Back on My Bullshit

I haven’t picked up a paintbrush in a while.

I’m starting to realize (or at least accept) that my creativity goes through phases: writing, painting, building weird websites, homebrewing RPG campaigns…

Sometimes–and this is kind of distressing when it happens–the phases don’t include much creativity at all. I get stuck organizing my digital folders and files for hours. Days, even. I craft the most beautiful schedules and excel sheets you’ve ever seen (not that I follow any of them for long, but damn, doing it makes me feel like I’m accomplishing something).

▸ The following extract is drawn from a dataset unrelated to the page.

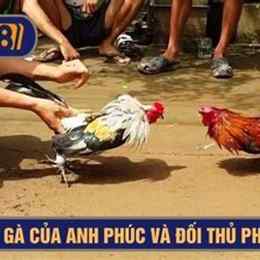 nhung tran da ga don hay nhat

On those days, I worry that my creative side has simply dissipated into nothingness.

However, one of the very best ways to prompt myself to get back into one project is to be almost finished with another one.

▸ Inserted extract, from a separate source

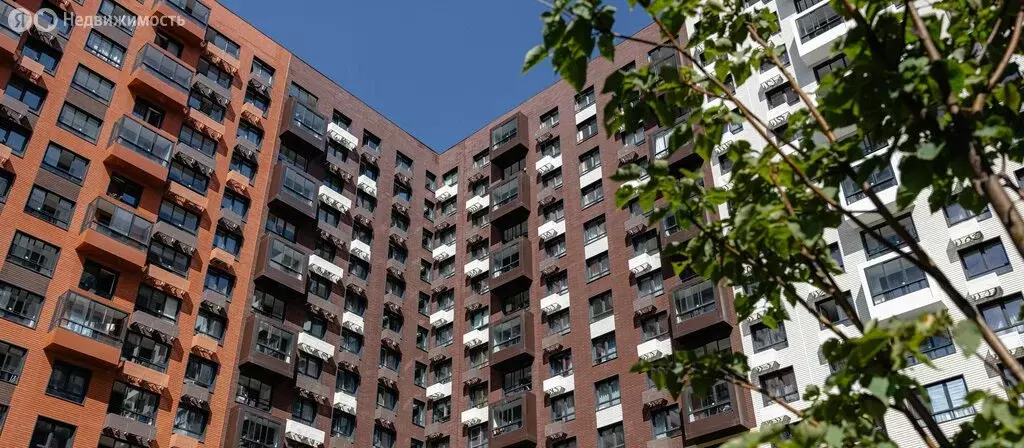 2-комнатная квартира: Екатеринбург, проспект Космонавтов, 11А (55.9 м) - Фото 2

My first full-length novel is in the FINAL DRAFT stage and I’ve promised myself that I’ll have it DONE by the end of this year! Yes! A lifetime milestone for me…I’ll be able to say that I’ve actually finished a huge literary project!

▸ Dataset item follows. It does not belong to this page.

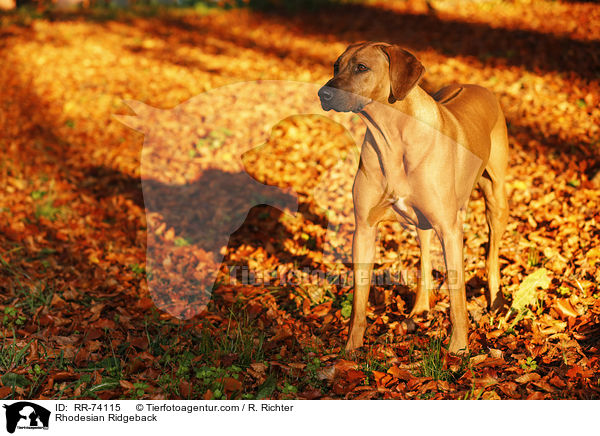 Rhodesian Ridgeback / Rhodesian Ridgeback / RR-74115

But wait…what’s all that stuff over there?

Why, it’s my stack of stalled works-in-progress in the corner of the art studio! I’ve been ignoring them for far too long. Oh, I suddenly know what that one needs. And this one would look great if I stuck this dead bug to it.

I should pull them all out RIGHT NOW and get back into hands-on-mess-making! Colors! Shapes! Textures! Dead bugs! I AM AN ARTIST AGAIN!

Yeah, yeah, yeah, the novel. I’ll get to it. I just have to figure out how to smooth out that one clunky plot point and I don’t feel like thinking about it right now.

The important thing in all this is that I’m learning that this is just how I work, and I’m learning to work with the way I work instead of berating myself for not working the “right” way. Just because I’ve been writing for months on end doesn’t mean that I’m not still an artist, and sometimes those damn file folders NEED to be organized better.

Anyway, here’s what I’ve been up to over the past few days. My art is always a collaboration between me and the work itself, and I’m excited to find out where these want to go.

All A-Buzz

Just spent an hour fiddling with print-on-demand sites and looking up sublimation presses…but then it occurred to me that there’s already so much silly pre-fabricated crap in the world: do I really want to add to it?

The POD sites are so shiny and they’ve got so much STUFF and it looks SO GOOD with my designs on it and then I try to work with their design programs that always turn out to be way more fiddly and frustrating than I want to deal with. Then when I finally get a “product” ready to go, the base prices make me sick—and in order to make any profit at all I have to charge even MORE?! Do people really want to pay $45 for a goddam T-shirt?

Well, no. Judging from my previous attempts at selling my art with this method, they do NOT. I don’t blame them. I wouldn’t.

I should repurpose stuff from thrift stores. Paint and draw on it myself. Each piece totally unique. (And thus just as expensive, considering how much time I’d have to put into it, but still–at least I’d get the money instead of the printing company.)

Perhaps I do need a kiln.

And a giant printer.

Of course, all the time it would take to make these unique items would mean charging more, but I feel like I’d actually be selling something worth the price.

I should buy a set of fabric paints.

I’ll need glaze.

And an…oh, I already have an iron. (Thanks, Grandma.)

A 3d printer would be nice, too.


In other news, I’m working on a new assemblage piece. It’s a heartfelt expression of my deeply emotional response to the fact that my studio seems to be attracting all the bees in the county who have about a day left to live. The working title is WHERE THE HELL ARE ALL THESE BEES COMING FROM AND HOW ARE THEY GETTING IN HERE AND FOR FUCK’S SAKE WHY DO THEY WANT TO DIE IN MY STUDIO.